For more families research, see the Council on Contemporary Families’ website.

The American marriage churn is discussed by Andrew Cherlin in his 2009 book “The Marriage Go Round.” There he shows that Americans hold contradictory values with regard to marriage sanctity on one hand and extreme individualism on the other. He argues that these very contradictory values result in irrational and harmful family practices–result in imploding relationships, the marriage churn. Capitalism downloads contradiction and conflict into the little institution of the nuclear family, the very institution that is supposed to be sanctified.

On materialism and feminism

Engels’ definition of materialism:

“According to the materialist conception, the determining factor in history is, in the final instance, the production and reproduction of immediate life. This, again, is of a twofold character: on the one side, the production of the means of existence, of food, clothing and shelter and the tools necessary for that production; on the other side,the production of human beings themselves, the propagation of the species.”

On oppression:

French feminists, particularly Christine Delphy, argued that materialism (i.e., part of the Marxist historical-materialist approach) “is the only theory of history that views oppression as the most fundamental reality; this is why women and all oppressed groups need it to examine their situation: ‘to start from oppression defines a materialist approach… oppression is a materialist concept.'”

Quoted in Martha Gimenez’s essay on feminist academic tribes, especially Materialist Feminism.

Gimenez’s contribution was to caution against conceiving of patriarchy ahistorically. In her view, patriarchy should be analyzed in its historical relationship with the conditions of production and reproduction.

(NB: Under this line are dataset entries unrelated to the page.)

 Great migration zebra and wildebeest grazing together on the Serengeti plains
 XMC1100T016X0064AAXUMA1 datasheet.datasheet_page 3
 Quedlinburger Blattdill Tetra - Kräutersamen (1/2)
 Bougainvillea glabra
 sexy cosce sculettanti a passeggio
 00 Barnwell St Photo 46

Gimenez advocates “a return to Marx whose method and analysis of capitalism, despite its ambiguities, omissions, complexities and 19th century limitations, has far more to offer feminists and all oppressed people than contemporary theories which, having severed the internal relationship between existence and consciousness or, between discourse and its material conditions of possibility, postulate the materiality of the discursive and whatever there might be ‘outside’ discourse (Nature? the Body?) while rejecting as ‘economism’ the materiality — i.e., the reality, independent of people’s consciousness, and causal efficacy — of labor and of the mode of production. As Ebert unerringly points out, Marx’s critique of ‘Feuerbachian materialism’ aptly describes today’s MatFem materialism: ‘As far as Feuerbach is a materialist he does not deal with history, and as far as he considers history he is not a materialist.'”

sexual assault, working class abasement

Excerpted from a critique of the movie “North Country”, this article discusses the connections among economic decline, company unions, working class abasement, and sexual assault. It critiques privileged artists’ facile romanticization of legal resolution within the U.S.
North Country is directed by Niki Caro; screenplay by Michael Seitzman, based on the book, Class Action: The Landmark Case that Changed Sexual Harassment Law by Clara Bingham and Laura Leedy Gansler.

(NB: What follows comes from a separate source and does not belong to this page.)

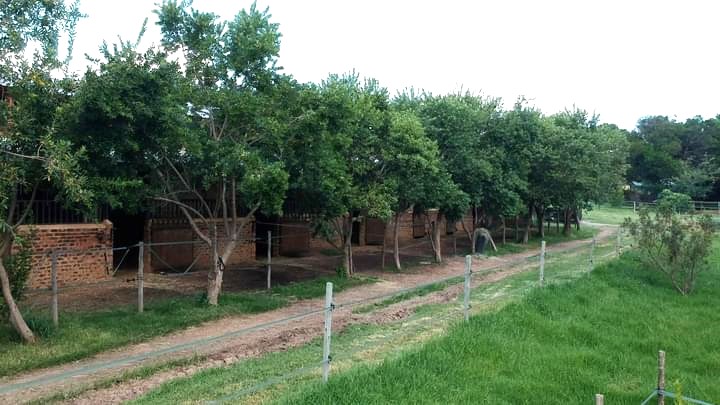 5 Bedroom Property for Sale in Bashewa A H Gauteng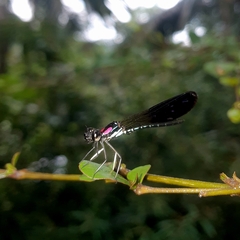 Heliocypha fenestrata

The Jenson v. Eveleth Mines case, the first class-action sexual-harassment lawsuit in US history, inspired North Country, the new film directed by New Zealand filmmaker Niki Caro (Whale Rider). The lead plaintiff in that case, Lois Jenson, who began working at the northern Minnesota iron mine in 1975, along with 14 other women, ultimately won a multimillion-dollar settlement in 1998—eleven years after the suit was filed.

The punishing and often degrading legal battle against the company exacted an immense toll on the women, most of whom were left physically and mentally debilitated.

The Mesabi Iron Range contains some 110 miles of small towns built at the turn of the last century along a seam of iron ore called taconite. Eveleth Mines was opened by Ford Motor Co. in 1966, and the workers were organized by the United Steelworkers of America (USWA). In 1974, there was an affirmative action “consent decree” between the federal government, nine of the largest steel companies and the USWA, requiring the companies to provide 20 percent of their new jobs to women and racial minorities.

The Bingham/Gansler book hints at some of the conditions that led to the attacks on female workers: “At Eveleth Mines, attrition was high. In 1980, 1,425 employees worked at the mine. But in 1982, the mine shut down an entire line of production, cutting the workforce in half. In August 1983, Eveleth shut down completely for eight weeks. By the end of 1983, a paltry 723 remained—702 miners had vanished as if into the pit. Eveleth Mines had an additional problem: It was the least efficient of all the mines on the Range. Its labor and railroad costs were the highest, and it expended the second largest amount of energy per ton of taconite pellets.

“With so few jobs to go around, hostility at the mine increased toward the women who had enough seniority to keep their jobs.”

Various elements fed into the severity of the sexual harassment, aside from the brutality of the conditions and the inevitable backwardness of the semi-rural area. The United Steel Workers bureaucracy, steeped in chauvinism and anti-communism, refused to conduct a struggle against the loss of jobs, pitting workers against each other in times of economic downturn. In the late 1970s and 1980s, this same bureaucracy presided over the decimation of the US steel industry without lifting a finger.

Clearly, when workers are stressed about the possibility of losing the only decent jobs in a given area and cut off from any progressive solution, the imposition of racial and gender quotas will tend to bring out the worst in the most susceptible layers of the population. Moreover, the events took place under conditions of a general turn to the political right, not only within the more privileged layers of the American population, but also within sections of the working class. All in all, unhappily, the most propitious possible conditions existed for the abuses the women miners suffered.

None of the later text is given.